Only the lines from the one containing "Weed in phuket" through the last line of the material should be copied, exactly as written and without pictures.
++++++++++
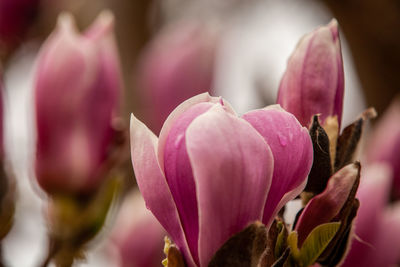 Close-up of pink flowering plant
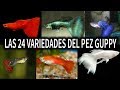 LAS 24 VARIEDADES DEL PEZ GUPPY | POR COLOR | AcuariosLP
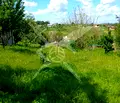 Снимка 3 — Парцел в Бургас, с. Белила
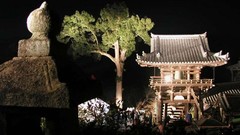 Japan Monastery night view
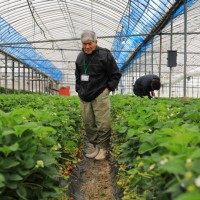 来日本长崎摘草莓，体验农家生活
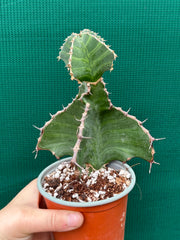 Euphorbia grandialata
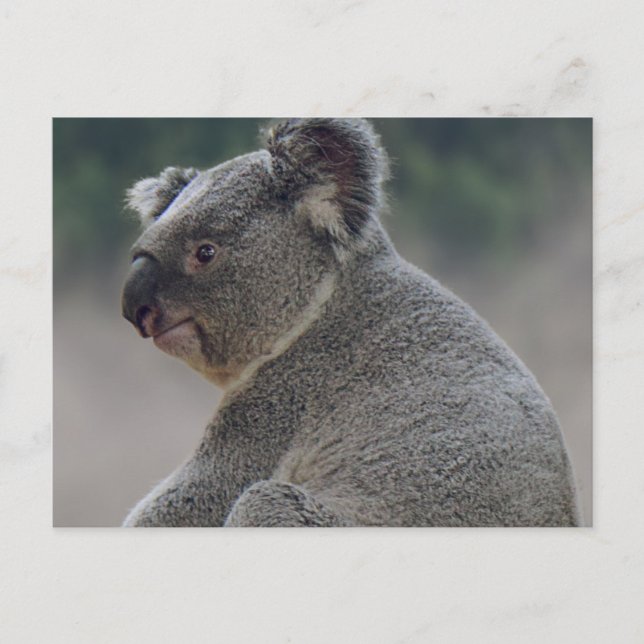 Postal Koala (Anverso)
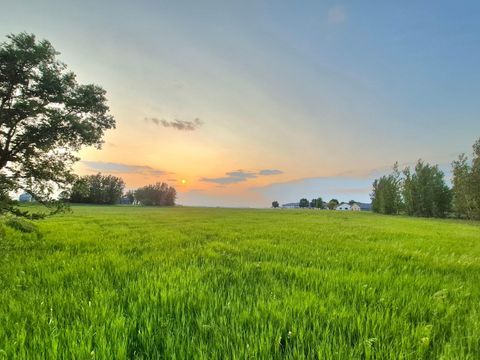 Vacant Land For Sale - XXX Frenzel Drive<br/> Sibley County, Arlington, MN 55307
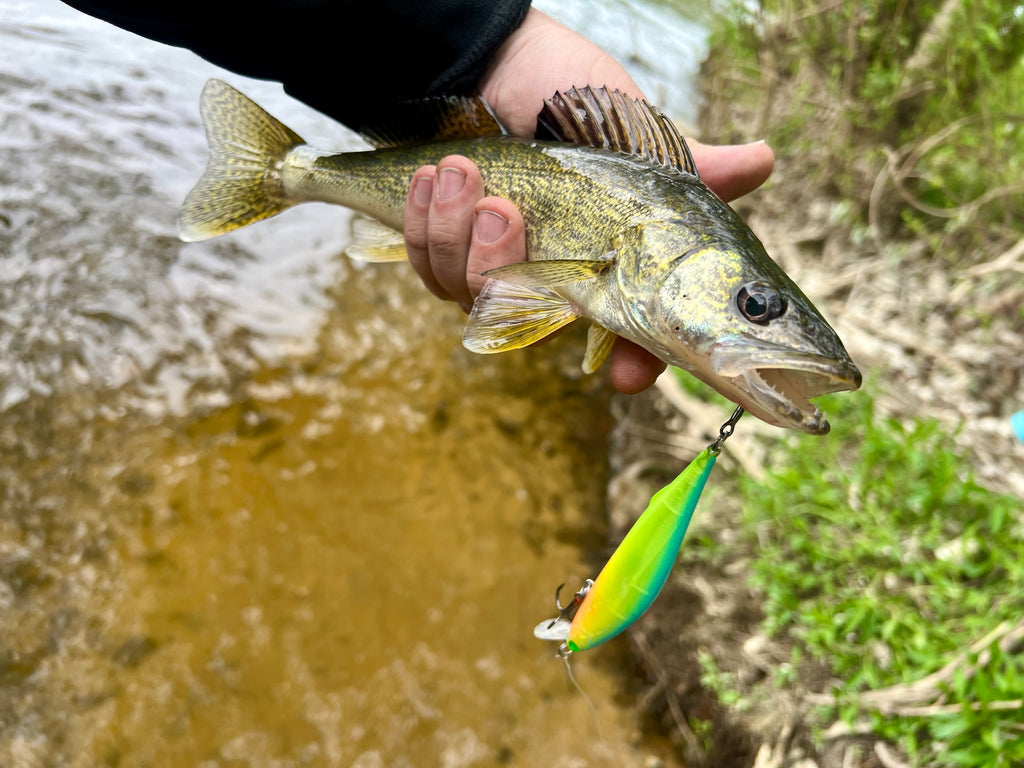 Fish with a neon green-and-yellow jerkbait lure attached near the mouth, treble hook.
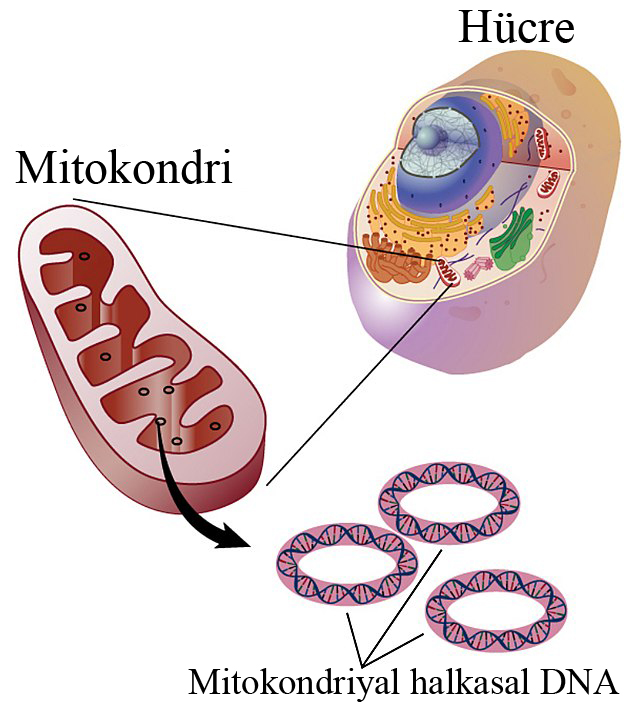 Mitokondriyal DNA(mtDNA)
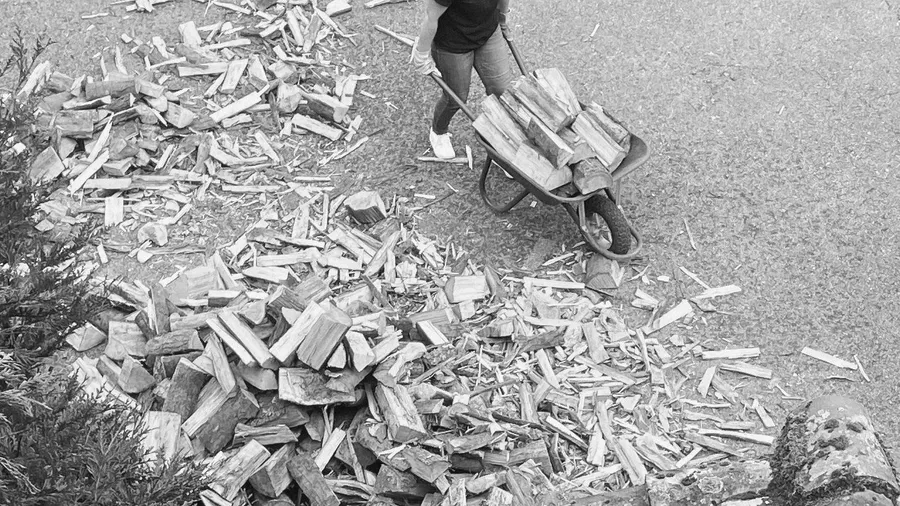 Heap of split firewood, someone wheeling a barrow away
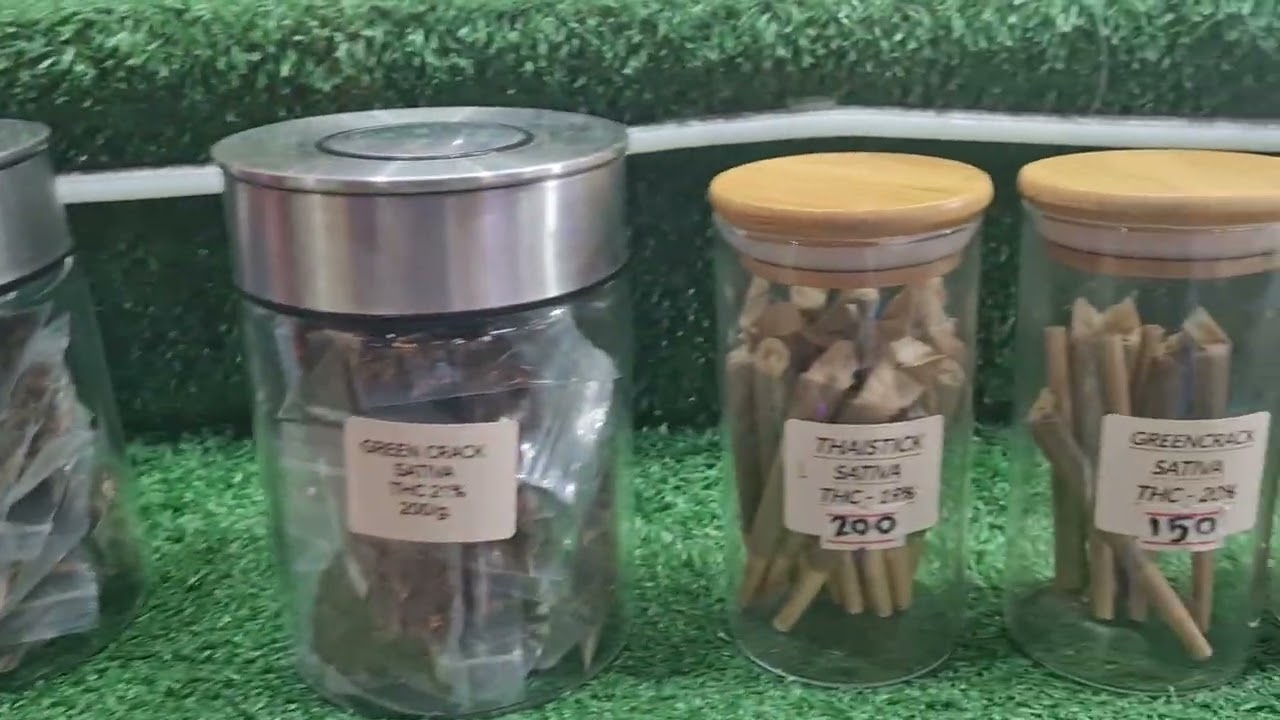 Weed in phuket patong Thailand #spliff#smoke#joint Please subscribe more videos coming 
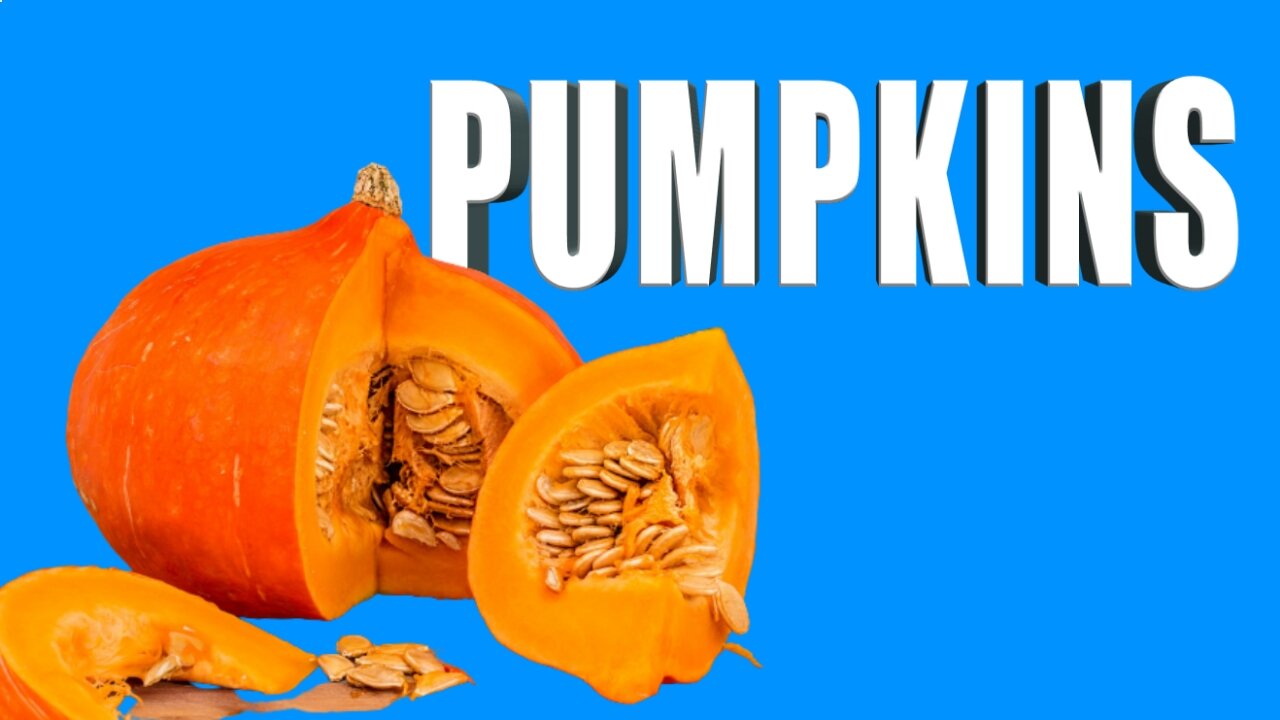 Pumpkin Patch - Learn In 4 minutes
++++++++++
Solution:
 Weed in phuket patong Thailand #spliff#smoke#joint Please subscribe more videos coming 
 Pumpkin Patch - Learn In 4 minutes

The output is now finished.